→ Work required
From the material below, set down exactly the lines that run from the one containing "Old Village Satin" to the one containing "Hubo Bestway Lay-Z-Spa", minus the pictures.

***** Task input

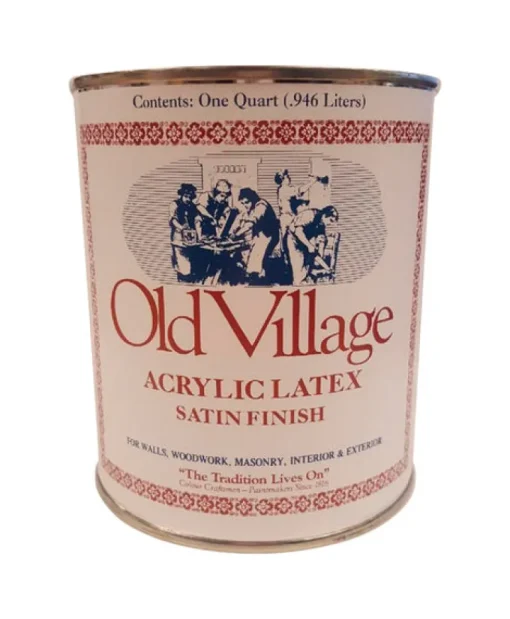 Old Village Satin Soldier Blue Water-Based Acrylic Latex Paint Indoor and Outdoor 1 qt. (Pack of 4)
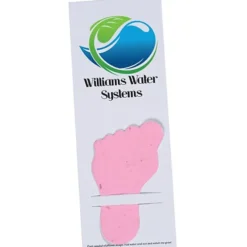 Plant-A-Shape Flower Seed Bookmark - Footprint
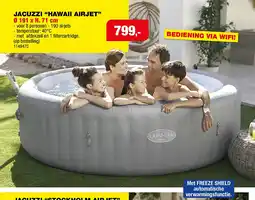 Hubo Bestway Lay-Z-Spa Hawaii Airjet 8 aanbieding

**********
***** Task input

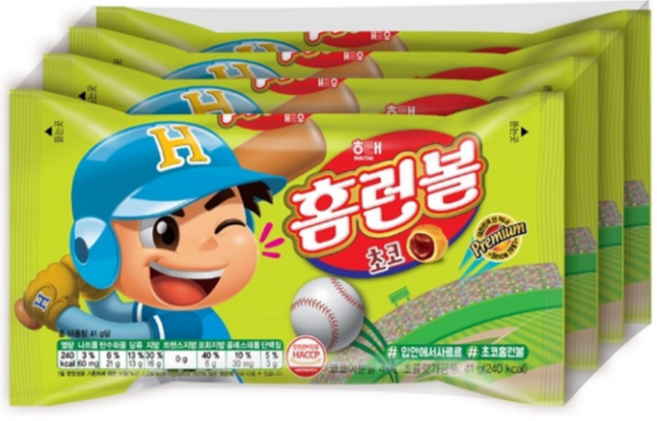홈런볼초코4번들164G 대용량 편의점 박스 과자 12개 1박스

**********
***** Task input

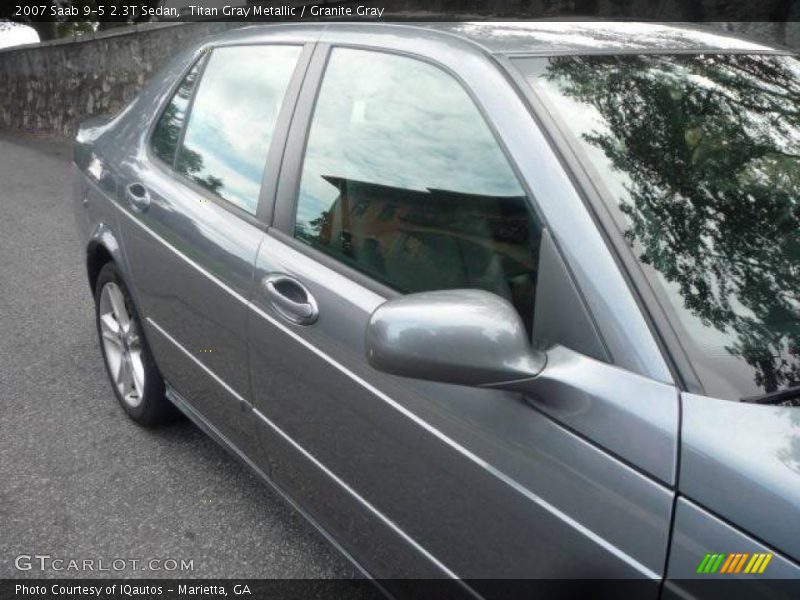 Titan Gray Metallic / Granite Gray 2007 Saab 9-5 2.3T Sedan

**********

→ Task solution
 Old Village Satin Soldier Blue Water-Based Acrylic Latex Paint Indoor and Outdoor 1 qt. (Pack of 4)
 Plant-A-Shape Flower Seed Bookmark - Footprint
 Hubo Bestway Lay-Z-Spa Hawaii Airjet 8 aanbieding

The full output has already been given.